ASSIGNED TASK: From the records, report how many lines hold the word "Stretch", with the number as the sole reply.
#### ENTRIES PROVIDED ####
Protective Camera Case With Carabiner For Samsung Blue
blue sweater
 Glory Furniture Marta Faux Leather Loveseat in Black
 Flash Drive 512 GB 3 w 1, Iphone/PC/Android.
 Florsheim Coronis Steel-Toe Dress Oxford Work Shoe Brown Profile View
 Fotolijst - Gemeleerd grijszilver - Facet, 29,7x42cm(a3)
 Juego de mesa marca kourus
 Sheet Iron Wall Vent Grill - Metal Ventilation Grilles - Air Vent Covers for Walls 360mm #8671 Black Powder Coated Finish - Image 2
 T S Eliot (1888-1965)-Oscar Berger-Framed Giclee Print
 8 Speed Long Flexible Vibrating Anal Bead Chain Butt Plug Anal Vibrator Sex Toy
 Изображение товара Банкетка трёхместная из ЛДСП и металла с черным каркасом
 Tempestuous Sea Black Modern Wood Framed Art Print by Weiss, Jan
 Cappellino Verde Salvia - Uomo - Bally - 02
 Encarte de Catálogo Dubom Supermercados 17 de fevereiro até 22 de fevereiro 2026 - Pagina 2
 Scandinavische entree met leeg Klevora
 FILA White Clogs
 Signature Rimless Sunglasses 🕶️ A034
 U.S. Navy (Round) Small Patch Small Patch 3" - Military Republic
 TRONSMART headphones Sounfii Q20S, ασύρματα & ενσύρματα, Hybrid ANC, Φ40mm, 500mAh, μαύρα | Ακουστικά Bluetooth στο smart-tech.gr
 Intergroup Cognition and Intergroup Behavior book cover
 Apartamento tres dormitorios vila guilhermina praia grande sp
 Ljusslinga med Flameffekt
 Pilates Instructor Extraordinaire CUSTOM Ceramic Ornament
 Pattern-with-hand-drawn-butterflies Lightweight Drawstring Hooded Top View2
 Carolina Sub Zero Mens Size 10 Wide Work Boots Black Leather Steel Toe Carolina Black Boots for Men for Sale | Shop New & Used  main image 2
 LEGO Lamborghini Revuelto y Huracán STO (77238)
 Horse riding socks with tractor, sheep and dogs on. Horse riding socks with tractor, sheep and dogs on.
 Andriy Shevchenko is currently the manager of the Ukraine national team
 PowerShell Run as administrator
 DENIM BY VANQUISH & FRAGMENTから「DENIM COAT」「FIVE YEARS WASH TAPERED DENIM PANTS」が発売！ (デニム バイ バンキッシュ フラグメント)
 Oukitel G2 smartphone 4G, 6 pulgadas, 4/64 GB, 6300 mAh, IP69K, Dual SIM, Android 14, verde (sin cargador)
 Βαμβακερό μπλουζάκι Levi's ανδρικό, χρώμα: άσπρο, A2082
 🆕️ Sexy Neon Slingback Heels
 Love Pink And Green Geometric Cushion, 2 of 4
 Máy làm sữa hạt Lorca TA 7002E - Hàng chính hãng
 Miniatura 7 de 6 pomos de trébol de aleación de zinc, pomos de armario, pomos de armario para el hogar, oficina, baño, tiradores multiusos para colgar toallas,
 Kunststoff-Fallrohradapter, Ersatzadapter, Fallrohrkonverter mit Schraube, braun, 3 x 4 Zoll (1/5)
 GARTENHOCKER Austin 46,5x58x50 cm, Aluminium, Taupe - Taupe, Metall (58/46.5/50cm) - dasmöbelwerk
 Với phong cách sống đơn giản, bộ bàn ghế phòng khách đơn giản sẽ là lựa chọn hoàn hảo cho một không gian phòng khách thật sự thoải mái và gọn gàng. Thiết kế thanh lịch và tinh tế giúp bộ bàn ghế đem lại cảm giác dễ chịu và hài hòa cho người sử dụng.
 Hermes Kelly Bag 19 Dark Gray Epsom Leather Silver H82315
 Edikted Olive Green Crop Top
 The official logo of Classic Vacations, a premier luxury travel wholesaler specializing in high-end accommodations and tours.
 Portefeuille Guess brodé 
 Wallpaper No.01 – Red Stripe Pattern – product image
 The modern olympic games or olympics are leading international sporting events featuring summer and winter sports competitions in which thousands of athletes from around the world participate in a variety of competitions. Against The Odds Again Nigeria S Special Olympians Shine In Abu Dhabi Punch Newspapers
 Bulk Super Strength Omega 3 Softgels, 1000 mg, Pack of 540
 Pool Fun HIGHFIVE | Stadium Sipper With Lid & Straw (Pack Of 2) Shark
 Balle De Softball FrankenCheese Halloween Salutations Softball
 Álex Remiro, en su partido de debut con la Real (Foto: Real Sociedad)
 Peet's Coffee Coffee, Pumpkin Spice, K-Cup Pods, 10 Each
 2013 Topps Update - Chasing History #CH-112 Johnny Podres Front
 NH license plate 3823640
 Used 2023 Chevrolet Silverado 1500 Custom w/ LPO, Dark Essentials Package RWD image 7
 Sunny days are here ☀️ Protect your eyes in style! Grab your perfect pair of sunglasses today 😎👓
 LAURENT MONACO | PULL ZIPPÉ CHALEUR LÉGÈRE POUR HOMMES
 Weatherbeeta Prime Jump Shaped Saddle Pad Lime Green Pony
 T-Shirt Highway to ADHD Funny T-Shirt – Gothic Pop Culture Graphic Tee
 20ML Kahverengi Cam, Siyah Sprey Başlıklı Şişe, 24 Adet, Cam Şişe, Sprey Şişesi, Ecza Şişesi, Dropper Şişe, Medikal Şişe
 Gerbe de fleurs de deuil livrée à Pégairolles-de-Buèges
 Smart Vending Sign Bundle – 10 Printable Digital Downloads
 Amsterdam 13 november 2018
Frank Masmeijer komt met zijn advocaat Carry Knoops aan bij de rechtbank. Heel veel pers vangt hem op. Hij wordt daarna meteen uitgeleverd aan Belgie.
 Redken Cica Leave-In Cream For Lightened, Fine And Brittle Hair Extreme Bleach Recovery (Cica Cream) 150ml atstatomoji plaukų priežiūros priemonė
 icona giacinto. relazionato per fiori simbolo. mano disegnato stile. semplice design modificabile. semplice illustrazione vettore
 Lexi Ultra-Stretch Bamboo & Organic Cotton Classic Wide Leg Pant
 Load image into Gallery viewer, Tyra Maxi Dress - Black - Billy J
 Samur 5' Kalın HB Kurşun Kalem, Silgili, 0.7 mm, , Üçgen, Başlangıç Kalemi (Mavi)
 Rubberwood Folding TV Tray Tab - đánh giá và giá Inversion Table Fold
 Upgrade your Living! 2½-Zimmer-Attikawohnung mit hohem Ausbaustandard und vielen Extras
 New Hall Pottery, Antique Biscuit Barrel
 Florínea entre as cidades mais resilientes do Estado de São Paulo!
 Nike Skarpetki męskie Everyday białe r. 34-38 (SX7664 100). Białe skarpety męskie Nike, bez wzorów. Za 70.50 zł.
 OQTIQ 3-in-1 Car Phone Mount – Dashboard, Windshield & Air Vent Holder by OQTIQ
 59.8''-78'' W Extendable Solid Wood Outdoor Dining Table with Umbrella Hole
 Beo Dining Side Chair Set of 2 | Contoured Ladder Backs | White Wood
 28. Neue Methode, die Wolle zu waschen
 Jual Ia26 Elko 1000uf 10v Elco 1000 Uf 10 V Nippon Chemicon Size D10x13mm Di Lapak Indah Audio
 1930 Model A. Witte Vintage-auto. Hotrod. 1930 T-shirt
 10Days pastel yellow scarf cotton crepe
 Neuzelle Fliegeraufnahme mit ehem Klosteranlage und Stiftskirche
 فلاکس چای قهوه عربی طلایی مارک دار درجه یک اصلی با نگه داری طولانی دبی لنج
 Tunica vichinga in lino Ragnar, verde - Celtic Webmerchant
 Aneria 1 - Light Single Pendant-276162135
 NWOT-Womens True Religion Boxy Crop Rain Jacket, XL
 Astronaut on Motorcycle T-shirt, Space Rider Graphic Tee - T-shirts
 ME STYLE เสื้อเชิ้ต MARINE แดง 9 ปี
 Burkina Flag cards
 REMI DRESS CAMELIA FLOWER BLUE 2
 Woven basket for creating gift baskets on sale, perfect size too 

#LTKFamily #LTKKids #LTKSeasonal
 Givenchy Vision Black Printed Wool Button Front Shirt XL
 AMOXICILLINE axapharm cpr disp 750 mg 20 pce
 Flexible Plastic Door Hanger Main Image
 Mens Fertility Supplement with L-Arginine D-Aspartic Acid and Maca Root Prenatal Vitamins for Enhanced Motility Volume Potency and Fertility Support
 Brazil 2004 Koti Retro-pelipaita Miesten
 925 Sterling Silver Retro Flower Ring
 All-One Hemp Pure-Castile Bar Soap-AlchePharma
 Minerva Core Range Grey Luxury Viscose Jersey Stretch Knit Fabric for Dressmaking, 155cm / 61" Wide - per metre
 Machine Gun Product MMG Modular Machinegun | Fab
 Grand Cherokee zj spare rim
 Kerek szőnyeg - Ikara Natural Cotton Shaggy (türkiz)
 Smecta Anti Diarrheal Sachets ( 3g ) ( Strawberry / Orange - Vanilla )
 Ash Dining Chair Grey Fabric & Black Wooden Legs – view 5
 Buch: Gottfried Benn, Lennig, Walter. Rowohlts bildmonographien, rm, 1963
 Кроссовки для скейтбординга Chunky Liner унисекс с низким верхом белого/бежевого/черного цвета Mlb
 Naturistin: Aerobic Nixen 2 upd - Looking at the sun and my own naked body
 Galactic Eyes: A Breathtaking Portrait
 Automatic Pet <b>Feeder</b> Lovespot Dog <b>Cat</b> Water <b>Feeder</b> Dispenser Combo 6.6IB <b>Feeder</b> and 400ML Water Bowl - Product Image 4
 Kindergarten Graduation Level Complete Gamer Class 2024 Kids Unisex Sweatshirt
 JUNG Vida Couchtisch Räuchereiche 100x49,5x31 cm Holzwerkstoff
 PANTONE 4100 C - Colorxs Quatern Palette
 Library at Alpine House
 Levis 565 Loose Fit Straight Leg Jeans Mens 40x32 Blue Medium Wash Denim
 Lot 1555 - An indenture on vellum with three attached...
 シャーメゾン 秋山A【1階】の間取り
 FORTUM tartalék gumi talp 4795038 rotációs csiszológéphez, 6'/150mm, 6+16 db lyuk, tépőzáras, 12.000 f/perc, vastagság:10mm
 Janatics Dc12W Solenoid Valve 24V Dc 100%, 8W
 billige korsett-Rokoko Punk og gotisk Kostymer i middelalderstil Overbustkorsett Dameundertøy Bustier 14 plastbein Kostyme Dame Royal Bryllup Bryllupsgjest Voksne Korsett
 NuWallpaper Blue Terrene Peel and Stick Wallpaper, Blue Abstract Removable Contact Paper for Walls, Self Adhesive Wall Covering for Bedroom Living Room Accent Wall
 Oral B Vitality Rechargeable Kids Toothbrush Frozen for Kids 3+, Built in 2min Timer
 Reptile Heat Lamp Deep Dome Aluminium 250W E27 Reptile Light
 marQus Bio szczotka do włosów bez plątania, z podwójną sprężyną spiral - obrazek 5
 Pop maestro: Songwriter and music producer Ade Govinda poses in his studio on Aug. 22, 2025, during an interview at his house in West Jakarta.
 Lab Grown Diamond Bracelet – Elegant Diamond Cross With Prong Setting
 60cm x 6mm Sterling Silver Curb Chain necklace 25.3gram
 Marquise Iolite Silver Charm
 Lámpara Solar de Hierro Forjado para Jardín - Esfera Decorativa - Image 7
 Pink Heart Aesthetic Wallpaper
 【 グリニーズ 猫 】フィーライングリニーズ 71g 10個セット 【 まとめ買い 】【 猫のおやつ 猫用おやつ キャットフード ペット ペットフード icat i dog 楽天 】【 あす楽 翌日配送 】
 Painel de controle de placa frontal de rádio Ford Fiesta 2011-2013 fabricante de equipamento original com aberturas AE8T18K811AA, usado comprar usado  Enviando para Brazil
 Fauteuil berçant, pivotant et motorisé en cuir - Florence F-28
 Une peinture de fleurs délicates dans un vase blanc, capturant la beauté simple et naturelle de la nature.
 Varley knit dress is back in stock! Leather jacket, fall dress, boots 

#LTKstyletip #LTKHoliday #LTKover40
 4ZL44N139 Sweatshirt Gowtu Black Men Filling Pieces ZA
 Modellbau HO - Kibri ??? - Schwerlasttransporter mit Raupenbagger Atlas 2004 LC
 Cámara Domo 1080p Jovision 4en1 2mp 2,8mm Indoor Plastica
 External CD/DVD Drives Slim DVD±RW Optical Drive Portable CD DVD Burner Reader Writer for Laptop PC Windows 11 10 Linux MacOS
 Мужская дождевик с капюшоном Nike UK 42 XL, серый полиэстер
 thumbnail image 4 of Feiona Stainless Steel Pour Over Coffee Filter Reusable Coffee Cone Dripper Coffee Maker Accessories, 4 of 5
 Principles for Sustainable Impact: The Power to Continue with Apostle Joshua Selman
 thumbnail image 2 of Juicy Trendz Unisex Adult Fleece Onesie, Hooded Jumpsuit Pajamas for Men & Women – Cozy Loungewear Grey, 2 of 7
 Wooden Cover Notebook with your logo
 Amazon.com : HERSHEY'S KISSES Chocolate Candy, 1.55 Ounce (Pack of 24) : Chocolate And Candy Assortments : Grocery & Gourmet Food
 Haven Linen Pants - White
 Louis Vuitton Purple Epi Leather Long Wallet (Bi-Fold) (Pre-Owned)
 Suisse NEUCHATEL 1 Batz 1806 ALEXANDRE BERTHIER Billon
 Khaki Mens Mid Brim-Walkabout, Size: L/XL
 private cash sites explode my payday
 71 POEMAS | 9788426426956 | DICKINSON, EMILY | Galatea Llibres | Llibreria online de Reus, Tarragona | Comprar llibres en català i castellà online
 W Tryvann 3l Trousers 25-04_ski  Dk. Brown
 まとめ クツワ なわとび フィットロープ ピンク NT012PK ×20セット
####
EXERCISE RESPONSE: 2